## [INFORMATION SUPPLIED]
────────────────────

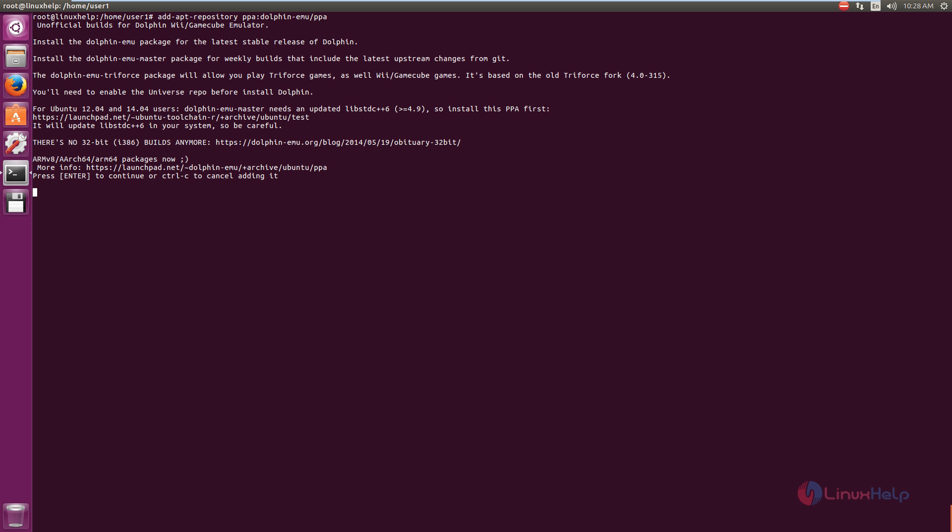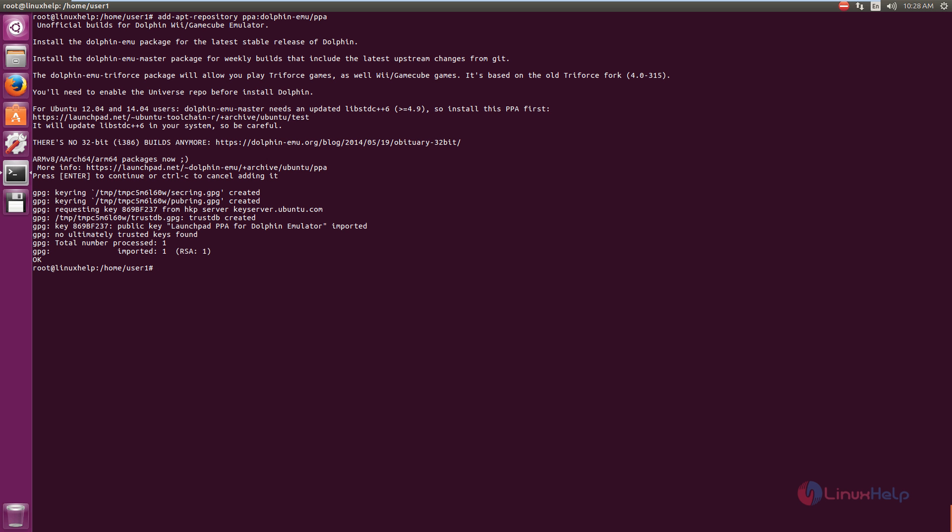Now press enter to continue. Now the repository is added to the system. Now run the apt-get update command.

────────────────────

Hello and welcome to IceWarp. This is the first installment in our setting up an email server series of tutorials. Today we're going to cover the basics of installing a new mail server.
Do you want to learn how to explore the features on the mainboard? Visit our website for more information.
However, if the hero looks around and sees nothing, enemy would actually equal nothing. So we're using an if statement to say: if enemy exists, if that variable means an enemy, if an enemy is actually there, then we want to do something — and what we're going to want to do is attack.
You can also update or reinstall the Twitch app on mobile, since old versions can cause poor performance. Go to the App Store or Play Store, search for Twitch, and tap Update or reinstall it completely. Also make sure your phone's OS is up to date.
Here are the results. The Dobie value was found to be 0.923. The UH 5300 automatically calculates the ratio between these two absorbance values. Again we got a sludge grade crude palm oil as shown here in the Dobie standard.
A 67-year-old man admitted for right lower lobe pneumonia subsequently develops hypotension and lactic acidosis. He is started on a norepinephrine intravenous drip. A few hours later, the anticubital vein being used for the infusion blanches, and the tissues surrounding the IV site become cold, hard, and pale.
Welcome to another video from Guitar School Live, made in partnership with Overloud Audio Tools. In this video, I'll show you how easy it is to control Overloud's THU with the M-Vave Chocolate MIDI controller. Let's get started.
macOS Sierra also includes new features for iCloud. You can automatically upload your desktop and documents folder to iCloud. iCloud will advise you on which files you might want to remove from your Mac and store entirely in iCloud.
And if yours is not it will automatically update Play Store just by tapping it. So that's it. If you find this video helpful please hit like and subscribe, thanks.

────────────────────

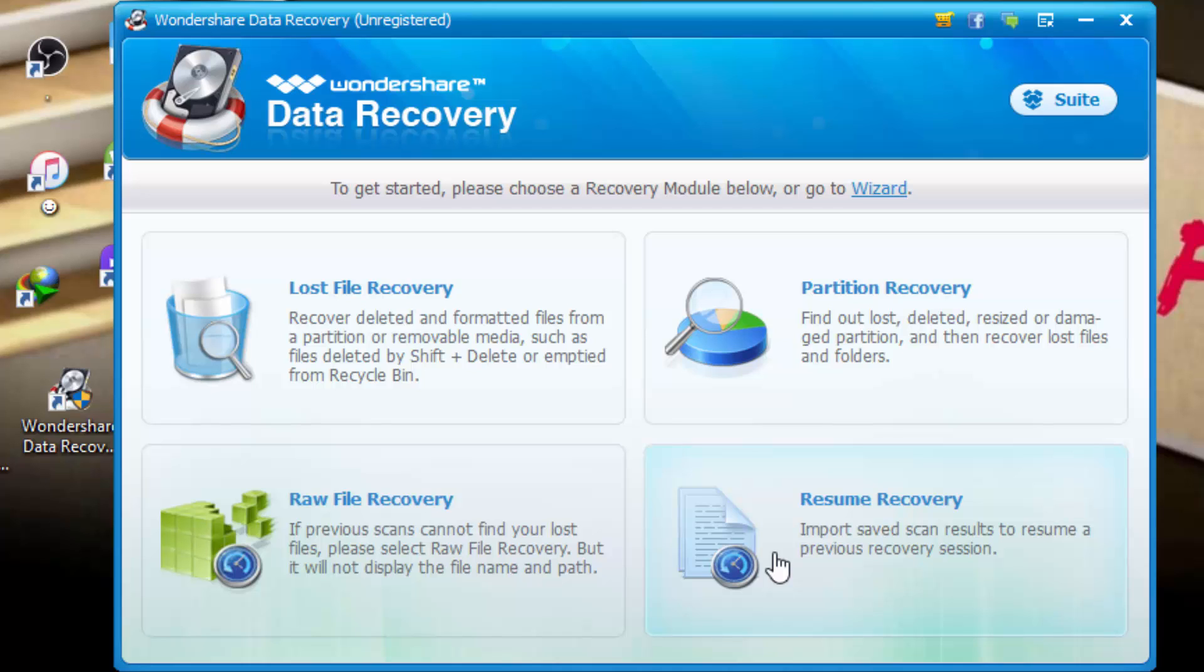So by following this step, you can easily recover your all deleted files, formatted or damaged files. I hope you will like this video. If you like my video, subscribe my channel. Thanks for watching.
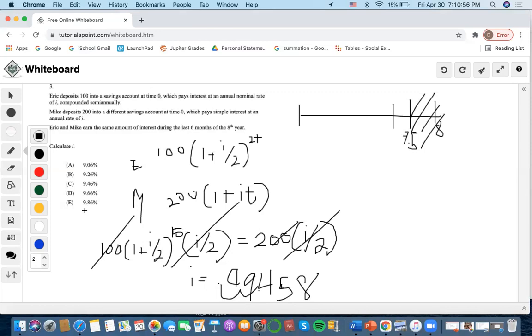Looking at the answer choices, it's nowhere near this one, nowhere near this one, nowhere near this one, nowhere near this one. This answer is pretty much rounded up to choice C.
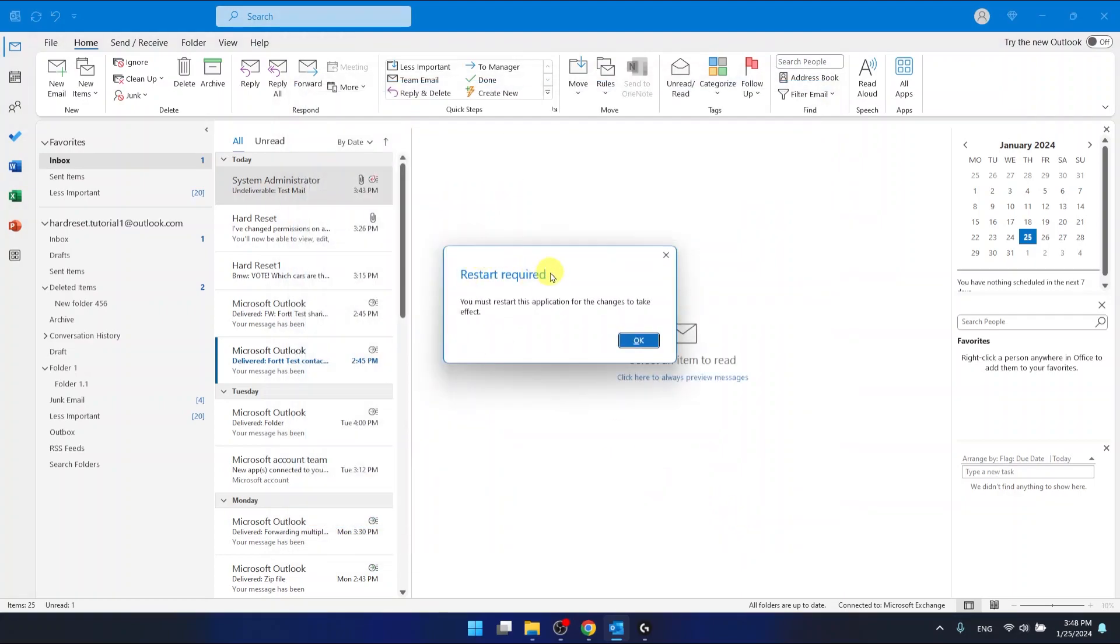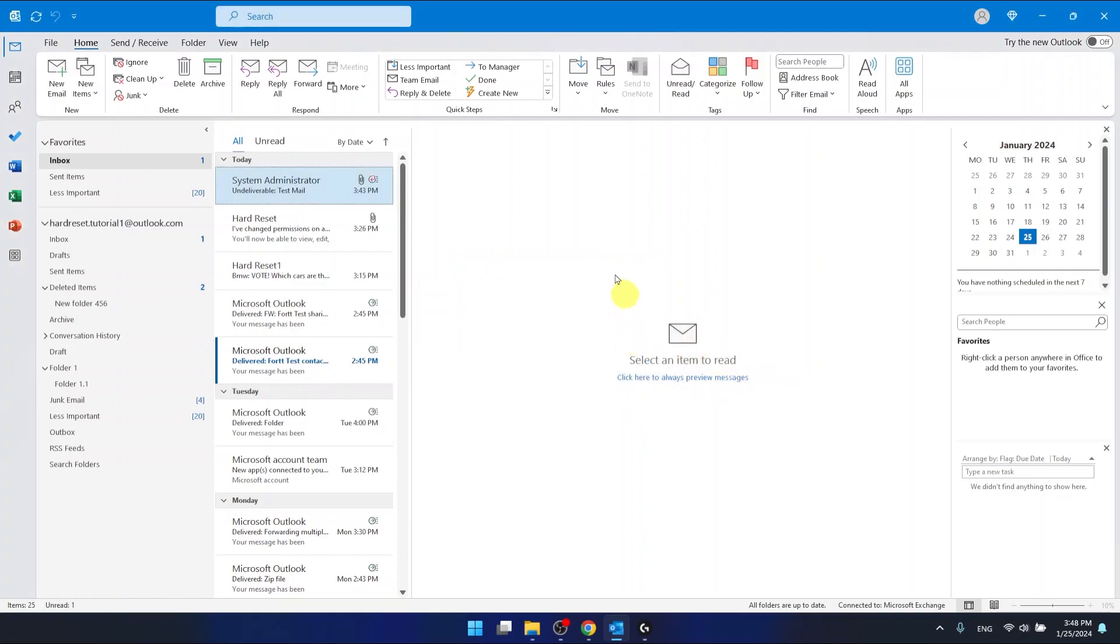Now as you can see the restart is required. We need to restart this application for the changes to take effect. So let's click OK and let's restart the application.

────────────────────

## [REQUIREMENT]
From the entries above, copy every line containing the word "also".

## [ANSWER SECTION]
You can also update or reinstall the Twitch app on mobile, since old versions can cause poor performance. Go to the App Store or Play Store, search for Twitch, and tap Update or reinstall it completely. Also make sure your phone's OS is up to date.
macOS Sierra also includes new features for iCloud. You can automatically upload your desktop and documents folder to iCloud. iCloud will advise you on which files you might want to remove from your Mac and store entirely in iCloud.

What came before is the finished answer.